S is β-effective if for any strategies of the complement of S, the members of S can answer with strategies that ensure outcome a.

- Finite game
  is a game with finitely many players, each of which has a finite set of strategies.

- Grand coalition
  refers to the coalition containing all players. In cooperative games it is often assumed that the grand coalition forms and the purpose of the game is to find stable imputations.

- Mixed strategy
  for player i is a probability distribution P on $\Sigma\ ^i$. It is understood that player i chooses a strategy randomly according to P.

- Mixed Nash Equilibrium
  Same as Pure Nash Equilibrium, defined on the space of mixed strategies. Every finite game has Mixed Nash Equilibria.

- Pareto efficiency
  An outcome a of game form π is (strongly) pareto efficient if it is undominated under all preference profiles.

- Preference profile
  is a function $\nu\ : \Gamma\ \to \mathbb{R} ^\mathrm{N}$. This is the ordinal approach at describing the outcome of the game. The preference describes how 'pleased' the players are with the possible outcomes of the game. See allocation of goods.

- Pure Nash Equilibrium
  An element $\sigma\ = (\sigma\ _i) _ {i \in \mathrm{N}}$ of the strategy space of a game is a pure nash equilibrium point if no player i can benefit by deviating from his strategy $\sigma\ _i$, given that the other players are playing in $\sigma$. Formally:
 $$\forall i \in \mathrm{N} \quad \forall \tau\ _i \in\ \Sigma\ ^i \quad
\pi\ (\tau\ ,\sigma\ _{-i} ) \le \pi\ (\sigma\ )$$.
 No equilibrium point is dominated.

- Say
  A player i has a Say if he is not a Dummy, i.e. if there is some tuple of complement strategies s.t. π (σ_i) is not a constant function.
Antonym: Dummy.

- Shannon number
  A conservative lower bound of the game-tree complexity of chess (10^{120}).

- Solved game
  A game whose outcome (win, lose or draw) can be correctly predicted assuming perfect play from all players.

- Value
  A value of a game is a rationally expected outcome.

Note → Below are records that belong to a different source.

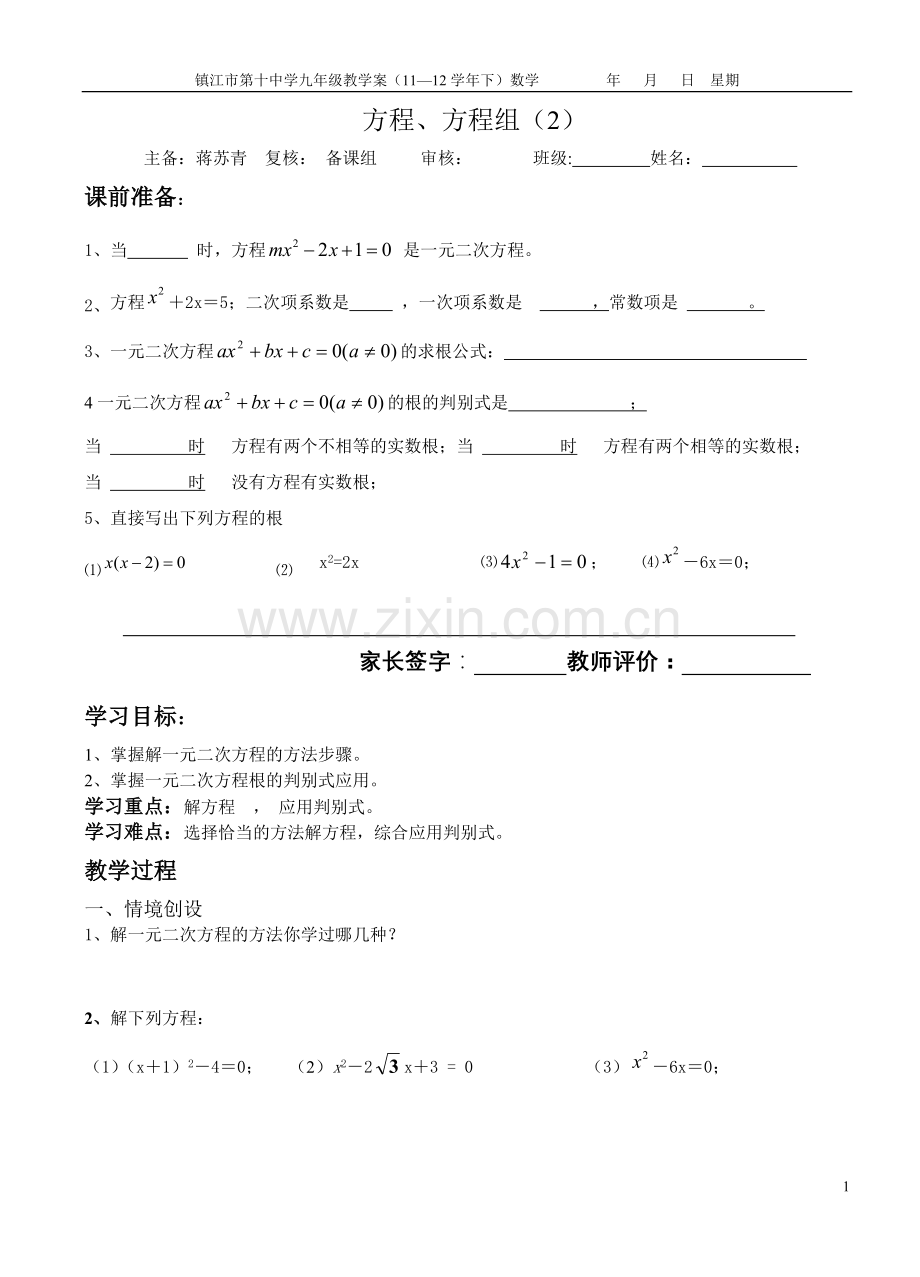 方程方程组2一元二次蒋.doc_第1页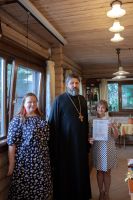 Защита выпускных работ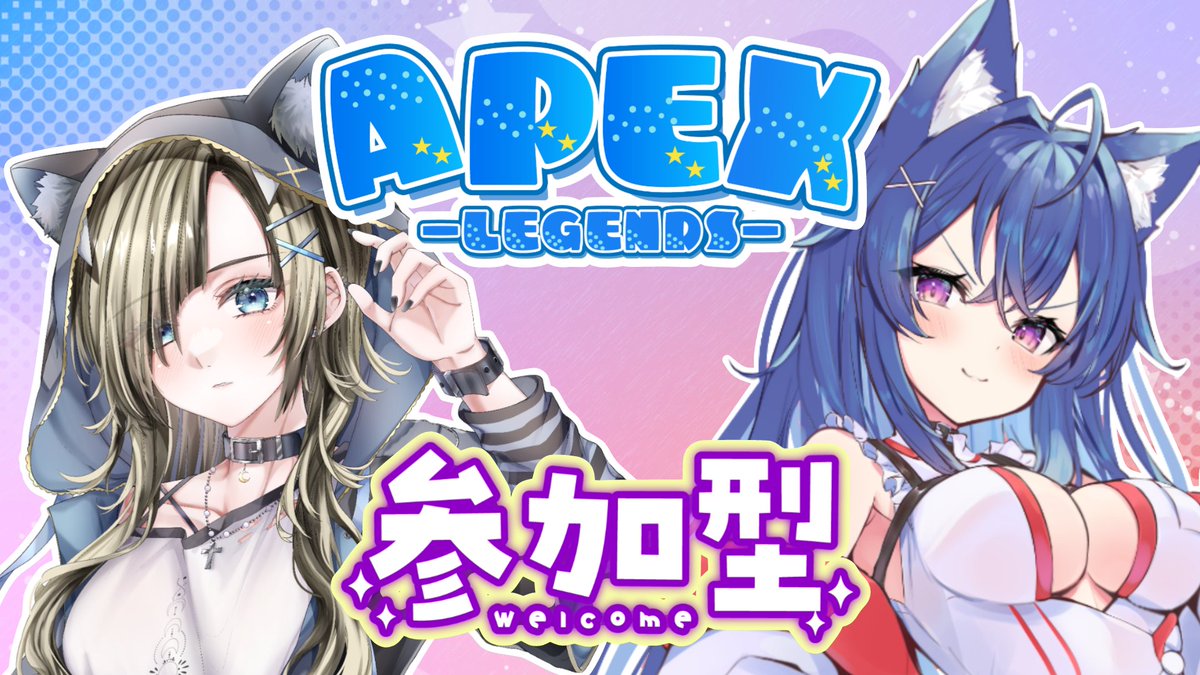 おはようございます🫶🏻💕︎︎ 5月16日(土)21:00〜 APEX参加型やります
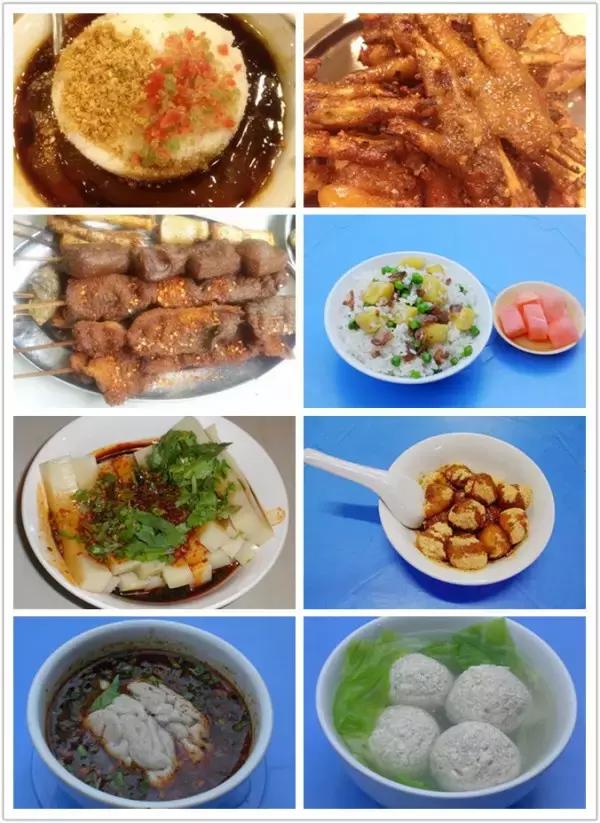 昆明解馋小吃排名前十,昆明最实惠小吃排名前十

There are more than a few definitions of value, describing different methods of obtaining a solution to the game.

- Veto
  A veto denotes the ability (or right) of some player to prevent a specific alternative from being the outcome of the game. A player who has that ability is called a veto player.
Antonym: Dummy.

- Weakly acceptable game
  is a game that has pure nash equilibria some of which are pareto efficient.

- Zero sum game
  is a game in which the allocation is constant over different outcomes. Formally:
 $\forall \gamma\ \in \Gamma\ \sum_{i \in \mathrm{N}} \nu\ _i (\gamma\ ) = const.$
 w.l.g. we can assume that constant to be zero. In a zero-sum game, one player's gain is another player's loss. Most classical board games (e.g. chess, checkers) are zero sum.